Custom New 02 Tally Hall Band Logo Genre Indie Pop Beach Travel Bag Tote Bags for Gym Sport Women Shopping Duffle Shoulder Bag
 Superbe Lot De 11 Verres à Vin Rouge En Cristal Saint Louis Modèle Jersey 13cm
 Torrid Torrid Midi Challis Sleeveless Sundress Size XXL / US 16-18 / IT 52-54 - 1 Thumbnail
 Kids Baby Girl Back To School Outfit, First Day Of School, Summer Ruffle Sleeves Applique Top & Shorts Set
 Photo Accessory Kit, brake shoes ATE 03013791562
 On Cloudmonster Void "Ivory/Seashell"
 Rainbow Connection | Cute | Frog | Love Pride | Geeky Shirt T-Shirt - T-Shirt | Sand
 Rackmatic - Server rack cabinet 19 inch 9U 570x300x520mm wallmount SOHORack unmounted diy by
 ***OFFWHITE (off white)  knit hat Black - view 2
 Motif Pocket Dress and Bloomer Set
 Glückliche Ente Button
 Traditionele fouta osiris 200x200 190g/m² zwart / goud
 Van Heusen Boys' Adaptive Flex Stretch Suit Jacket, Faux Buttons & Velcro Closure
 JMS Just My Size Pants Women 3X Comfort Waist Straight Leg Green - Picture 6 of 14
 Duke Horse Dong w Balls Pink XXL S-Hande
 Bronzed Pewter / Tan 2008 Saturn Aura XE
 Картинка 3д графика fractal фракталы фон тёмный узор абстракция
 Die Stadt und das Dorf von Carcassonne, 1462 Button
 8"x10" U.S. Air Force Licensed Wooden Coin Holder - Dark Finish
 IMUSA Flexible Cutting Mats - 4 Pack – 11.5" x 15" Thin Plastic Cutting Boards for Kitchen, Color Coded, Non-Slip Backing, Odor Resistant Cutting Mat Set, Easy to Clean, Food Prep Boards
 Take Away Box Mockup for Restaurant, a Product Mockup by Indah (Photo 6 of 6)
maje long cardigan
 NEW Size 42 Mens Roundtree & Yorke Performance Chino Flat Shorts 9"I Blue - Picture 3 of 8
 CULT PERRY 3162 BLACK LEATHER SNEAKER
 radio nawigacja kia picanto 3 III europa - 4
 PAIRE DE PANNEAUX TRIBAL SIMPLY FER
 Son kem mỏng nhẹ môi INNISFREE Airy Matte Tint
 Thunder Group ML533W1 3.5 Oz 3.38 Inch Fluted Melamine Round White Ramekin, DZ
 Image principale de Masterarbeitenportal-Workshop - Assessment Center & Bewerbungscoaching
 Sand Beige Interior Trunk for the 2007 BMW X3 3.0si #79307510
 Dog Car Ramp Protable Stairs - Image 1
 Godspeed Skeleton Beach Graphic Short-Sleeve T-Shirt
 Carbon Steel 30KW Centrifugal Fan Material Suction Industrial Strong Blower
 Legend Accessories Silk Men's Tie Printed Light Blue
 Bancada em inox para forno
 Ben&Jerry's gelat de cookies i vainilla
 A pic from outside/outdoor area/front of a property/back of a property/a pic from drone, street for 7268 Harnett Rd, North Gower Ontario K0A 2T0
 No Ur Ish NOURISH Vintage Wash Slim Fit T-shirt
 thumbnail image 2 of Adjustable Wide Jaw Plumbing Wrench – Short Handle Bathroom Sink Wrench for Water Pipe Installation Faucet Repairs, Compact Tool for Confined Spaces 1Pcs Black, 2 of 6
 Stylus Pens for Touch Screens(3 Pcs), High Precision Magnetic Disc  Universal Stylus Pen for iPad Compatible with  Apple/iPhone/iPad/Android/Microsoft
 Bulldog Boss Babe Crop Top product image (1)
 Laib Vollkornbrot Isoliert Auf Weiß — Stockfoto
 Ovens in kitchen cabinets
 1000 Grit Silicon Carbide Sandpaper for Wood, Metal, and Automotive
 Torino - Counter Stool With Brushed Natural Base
▬▬▬▬▬▬▬▬▬▬
Exercise
Beginning at the line above that contains "Black - view 2", return each line exactly through the line that contains "Van Heusen Boys'", and no others.

Solved exercise
 ***OFFWHITE (off white)  knit hat Black - view 2
 Motif Pocket Dress and Bloomer Set
 Glückliche Ente Button
 Traditionele fouta osiris 200x200 190g/m² zwart / goud
 Van Heusen Boys' Adaptive Flex Stretch Suit Jacket, Faux Buttons & Velcro Closure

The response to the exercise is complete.